What Is the Bank Bill Swap Rate (BBSW)?
The Bank Bill Swap Rate (BBSW), or Bank Bill Swap Reference Rate, is a short-term interest rate used as a benchmark for the pricing of Australian dollar derivatives and securities—most notably, floating rate bonds.
- The Bank Bill Swap Rate (BBSW) is a short-term interest rate used as a benchmark for the pricing of Australian dollar derivatives and securities, most notably floating rate bonds.
- The BBSW is an independent reference rate that’s used for pricing securities. Fixed income investors use BBSW since it’s the benchmark to price floating rate bonds and other securities.

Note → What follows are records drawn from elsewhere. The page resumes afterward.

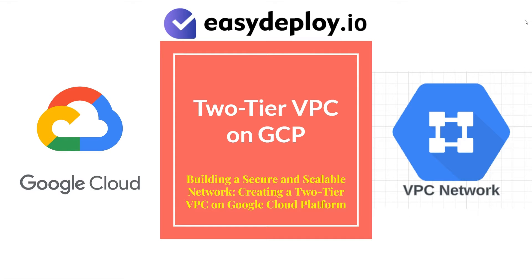Greetings, cloud enthusiasts. Today, we're embarking on a journey into the heart of Google Cloud's networking capabilities. Our mission? To construct a robust two-tier virtual private cloud architecture.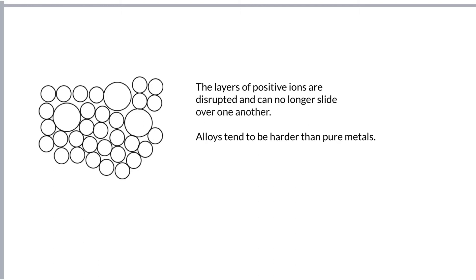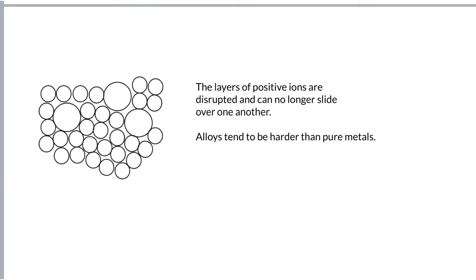So just to give you a couple of examples. Mild steel, for example, contains up to 0.25% of carbon. That's quite flexible and can be used in car bodies. High carbon steel contains between 0.6 and 1.2% of carbon. That's much harder than using cutting tools. Stainless steel is a mixture of iron, chromium and nickel, and that's used in cutlery because it was resistant to corrosion.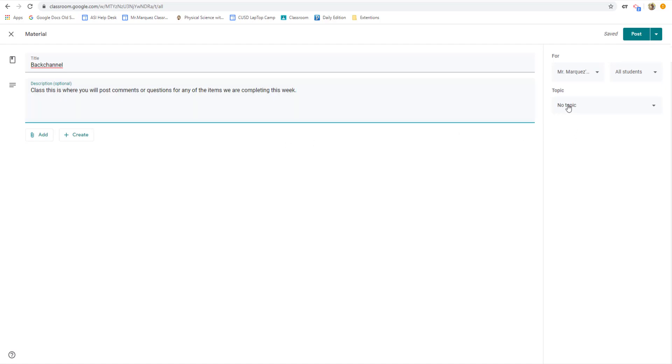Once you're done, make sure you attach the back channel to the week that you're going to be talking about. We do not have a back channel for the entirety of the year. It always focuses on the week. That can help you really manage that communication.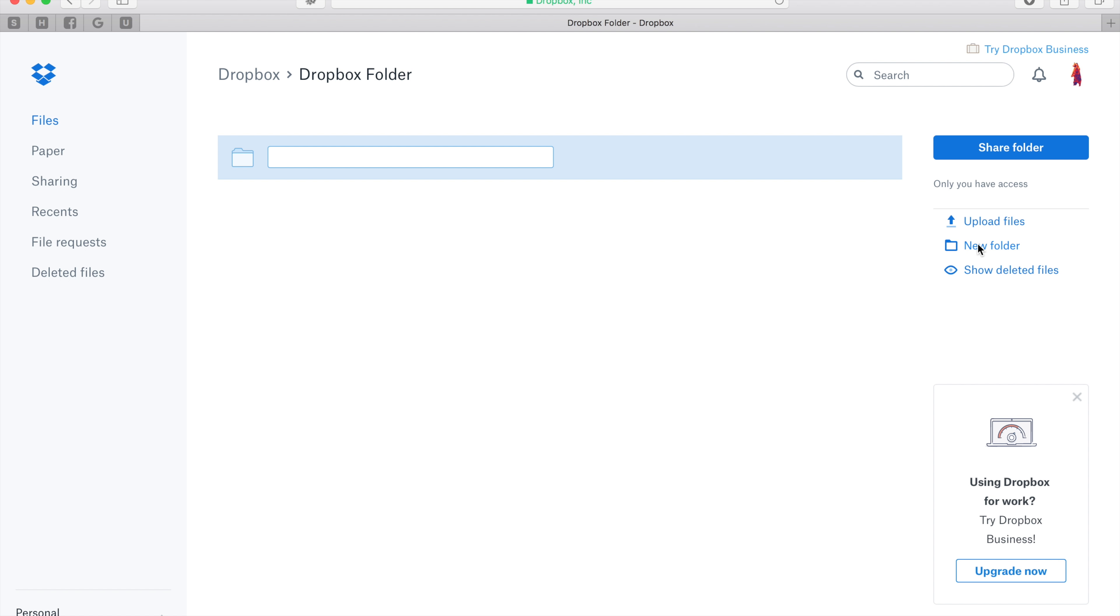First you'll create a new folder here. Go ahead and name it whatever you like, and then hit enter.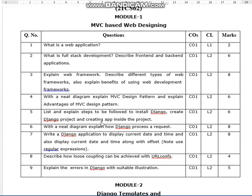List and explain the steps to be followed to install Django, create a Django project, and create an app inside the project. We have to explain the installation steps with examples. You can refer to the videos for this.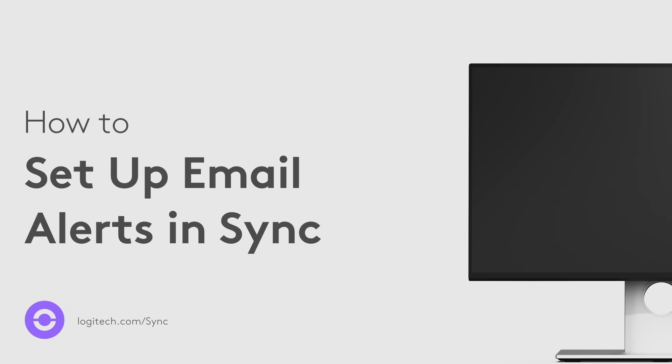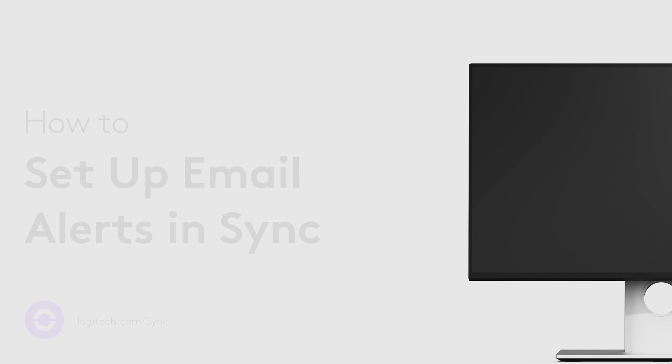In order to be proactive when incidents occur, Sync Plus and Select users can set up email alerts to provide real-time email notifications. In this video, we'll show you how to set up email alerts quickly and easily so you can stay ahead of potential issues and keep your business running smoothly.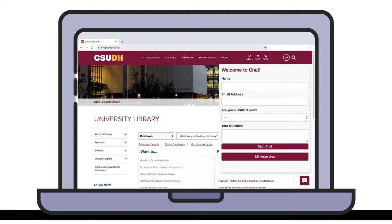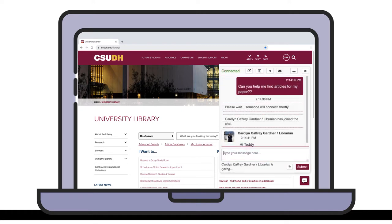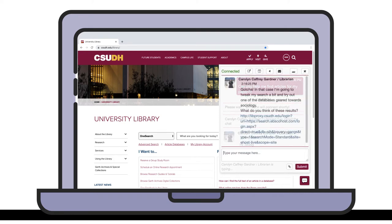During a live chat with a librarian or student research assistant, we can answer questions and help you find the information you need from our library website and databases. We can help at any stage of the research process. If you're just getting started, we might recommend databases or search terms to help you refine your topic.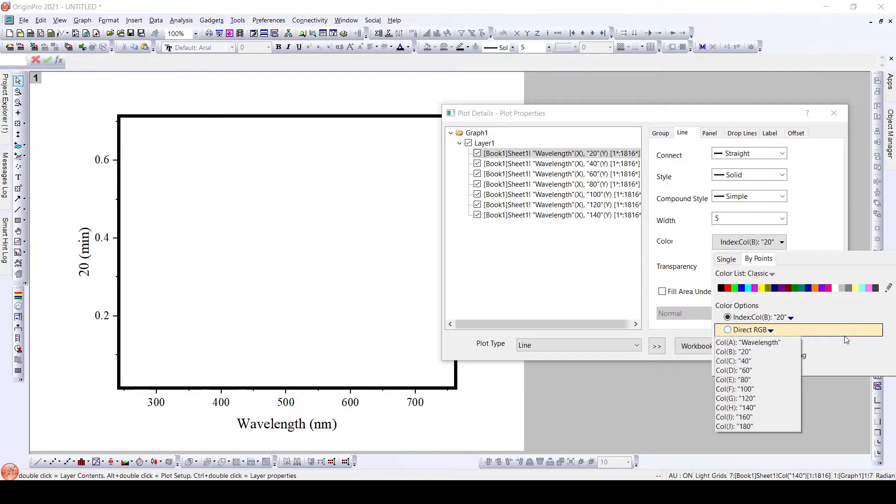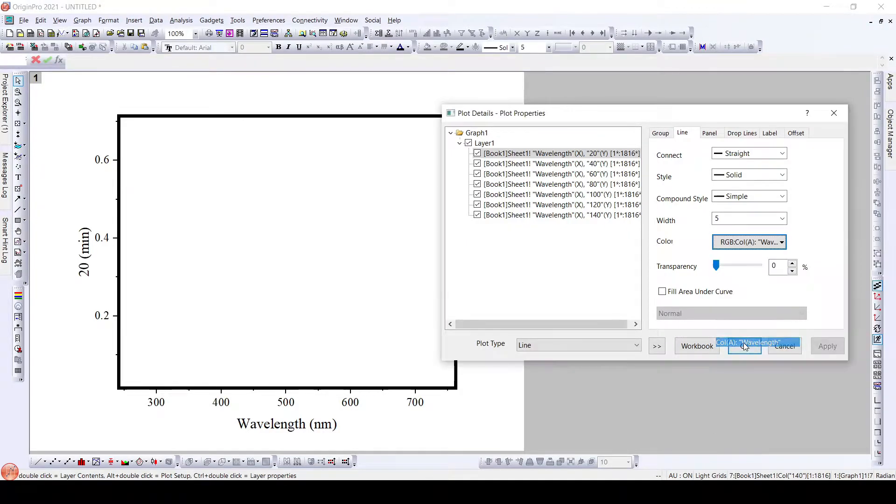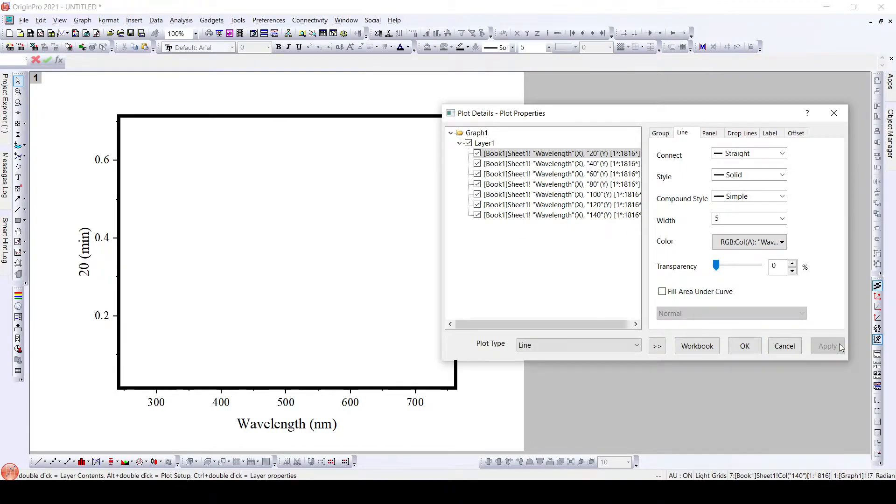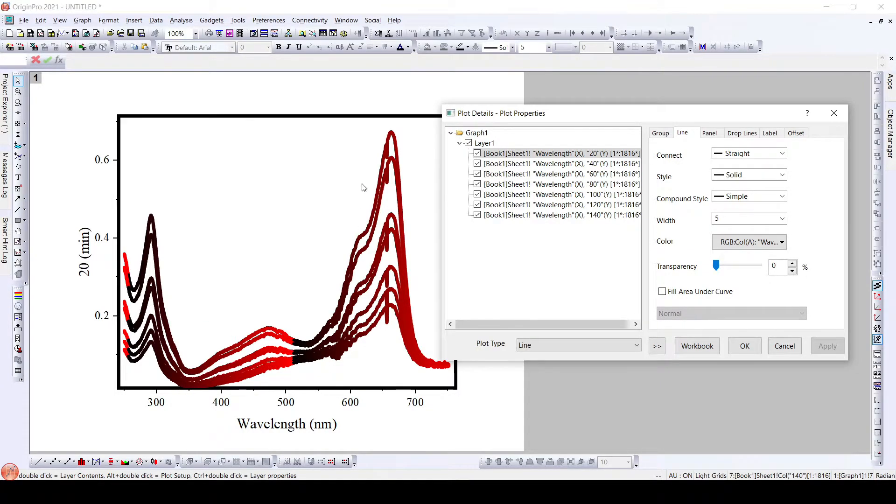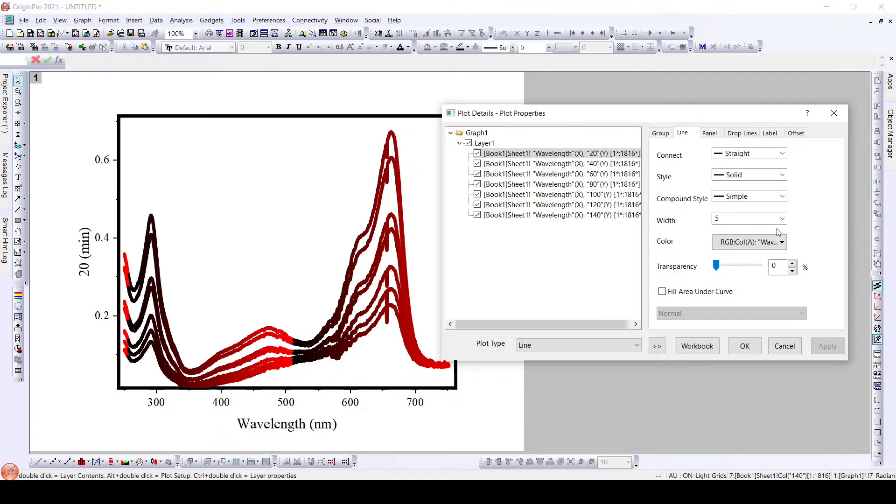So the second option that we have is direct RGB. Here also what we can do is we can select the wavelength and the colors in different sections will appear to be different or they are grouped based on the wavelength and we can see certain areas colored differently.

- There is a risk premium added to the BBSW to compensate for the risk of the securities, as compared with the risk-free rate, which is typically based on government bonds.
What Does the BBSW Tell You?
The BBSW is an independent reference rate that’s used for pricing securities. Fixed income investors use BBSW since it’s the benchmark to price floating rate bonds and other securities. The BBSW is an average of the bank bill rates supplied by banks for various maturities. In other words, it’s the midpoint rate for various bank-eligible securities and is the rate that banks lend to each other in Australia.
How Is the BBSW Calculated?
The BBSW is calculated and published by the Australian Securities Exchange (ASX), which maintains this rate. The bank bill swap rate is Australia’s equivalent of London Interbank Offered Rate (LIBOR) and is used as a reference rate in much the same way on an institutional level.
For review, LIBOR is an average value of interest-rates, which is calculated from estimates submitted by the leading global banks on a daily basis. It serves as the first step in calculating interest rates on various loans throughout the world.
For instance, a variable floating rate may quote 100 basis points over LIBOR, whereas in Australia, they may use 100 basis points over the BBSW. As stated earlier, the BBSW is an average of the bank bill rates supplied by banks for various maturities.
According to the ASX, the BBSW is not as directly linked to the mortgage or other retail lending indexes as is the LIBOR and other similar benchmarks. Its impact in these areas is thus minimal and limited to its general effects on interest rate levels.
There is a risk premium added to the BBSW to compensate for the risk of the securities as compared to the risk-free rate, which is typically based on government bonds. For example, in the U.S., the risk-free rate is typically the U.S. Treasury since it’s backed by the U.S. government.
The credit premium added to the BBSW is typically small, such as five to ten basis points. However, it has exceeded over 300 basis points during the financial crisis of 2008 and the months following.
Prime Banks and Prime Bank Eligible Securities
A prime bank is one of several approved financial institutions and includes Australia’s four largest banks. The ASX reviews the members of this group annually. Membership requirements, as listed on the ASX, include:
- Being an authorized deposit-taking institution (ADI) as defined by the Australian Prudential Regulation Authority (APRA)
- Satisfying a credit rating benchmark, specifically Standard & Poor’s short-term rating of A1+ and long-term rating for the senior unsecured debt of at least AA
- Having securities eligible for use by the Reserve Bank of Australia (RBA) in open market operations and standing liquidity facilities
Example of the Bank Bill Swap Rate (BBSW)
Let’s say that interest rates for bank bills was 4% for the first six months of the year while rates jumped to 5% and remained at 5% for the second half of the year. The average for the year would be 4.5% plus any risk premium. If the risk premium was 15 basis points, the BBSW would be 4.65%, including the average of bank bill rates and with the risk premium added.
Of course, in reality, there are more than two interest rates to average out in calculating the BBSW, but it’s typically considered a midpoint of all of those rates.
The Difference Between SIBOR and BBSW
The Singapore Interbank Offered Rate, known by its abbreviation SIBOR, is the benchmark interest rate, stated in Singapore dollars, for lending between banks within the Asian market. The SIBOR is a reference rate for lenders and borrowers that participate directly or indirectly in the Asian economy.
The terms of the loans vary from overnight to one year. Notably, the U.K. version, LIBOR, is similar to the SIBOR while the BBSW is the Australian version of LIBOR and SIBOR.
Limitations of Using the BBSW
As with any reference rate, the BBSW might not truly reflect the credit risk that exists in the market. Financial benchmarks did not predict the financial crisis of 2008 and the Great Recession that followed. As a result, the risk premium may not always reflect the total market risk and may act as a lagging indicator.